▸ **DATA FOR PROCESSING**
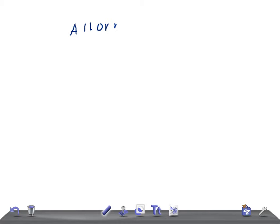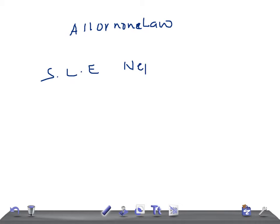Hey guys, welcome back to All in a Law. So today I'm going to talk about classification or classes of SLE nephritis. This is a very important topic for a medical student and for USMLE or any other medical board examination appearing students.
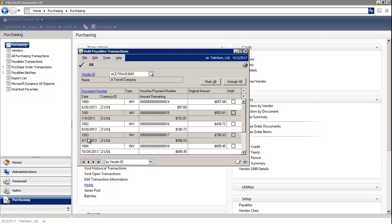Now, putting a transaction on hold stops the payment process in the system until the hold is removed.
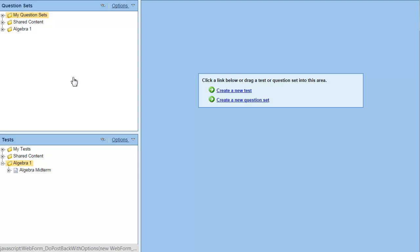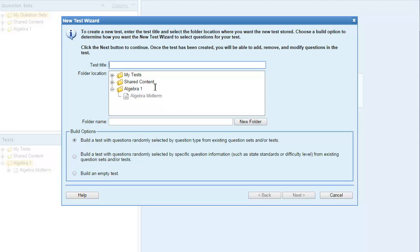This video demonstrates how to create a test while previewing the questions. Begin by clicking create a new test in the editor pane.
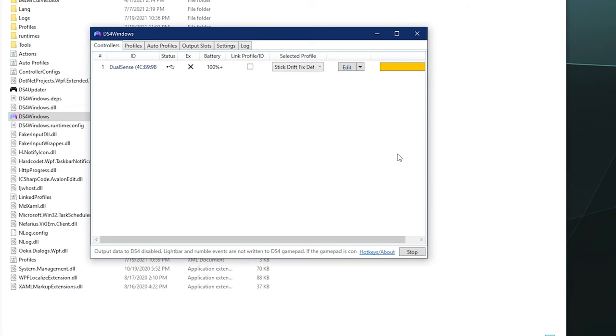All right, welcome back ladies and gentlemen to the Chupacabra Tutorials channel. I'm your host Larry, and today we're back to talk more DS4 Windows specifically. What happens when I'm getting lag on my controller? How do I fix it? Is there any settings? What are the solutions?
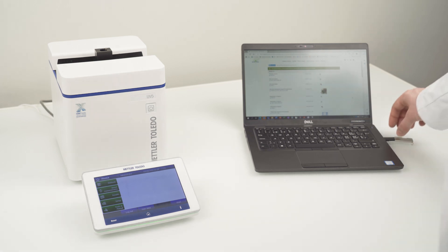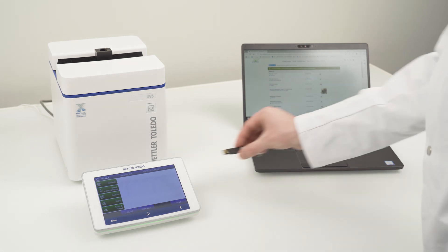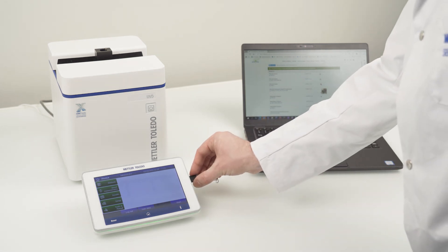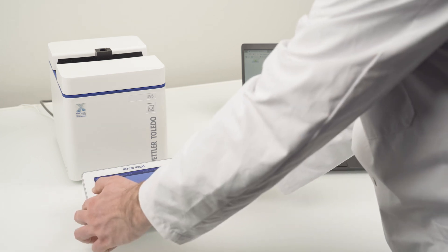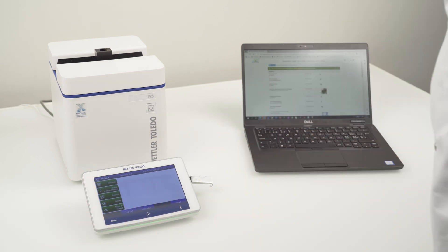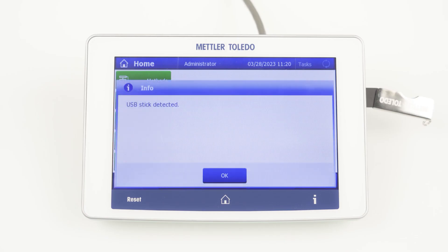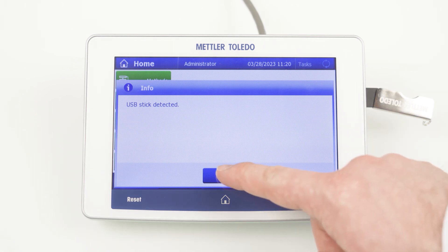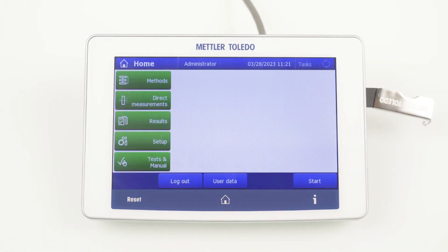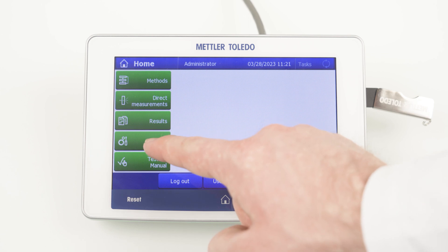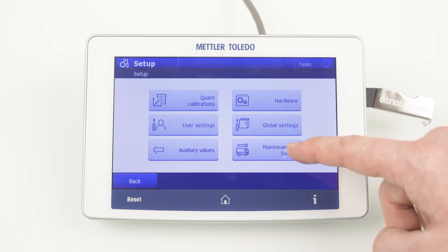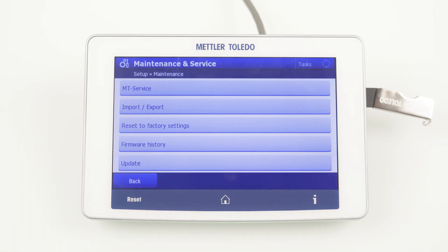Now you can insert the USB flash drive into the USB port of the UEVS spectrophotometer, for example on the right side of the terminal. The instrument will notify you that a USB flash drive was recognized. After you have confirmed the pop-up, you can click on Setup, select Maintenance and Service and then Import and Export.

▸ **PROBLEM TO WORK ON**
What is needed is an exact copy of the lines from the beginning of the data through the line containing "All right, welcome", both included, without any pictures.

▸ **OUTPUT FOR THIS TASK**
Hey guys, welcome back to All in a Law. So today I'm going to talk about classification or classes of SLE nephritis. This is a very important topic for a medical student and for USMLE or any other medical board examination appearing students.
Now, putting a transaction on hold stops the payment process in the system until the hold is removed.
This video demonstrates how to create a test while previewing the questions. Begin by clicking create a new test in the editor pane.
All right, welcome back ladies and gentlemen to the Chupacabra Tutorials channel. I'm your host Larry, and today we're back to talk more DS4 Windows specifically. What happens when I'm getting lag on my controller? How do I fix it? Is there any settings? What are the solutions?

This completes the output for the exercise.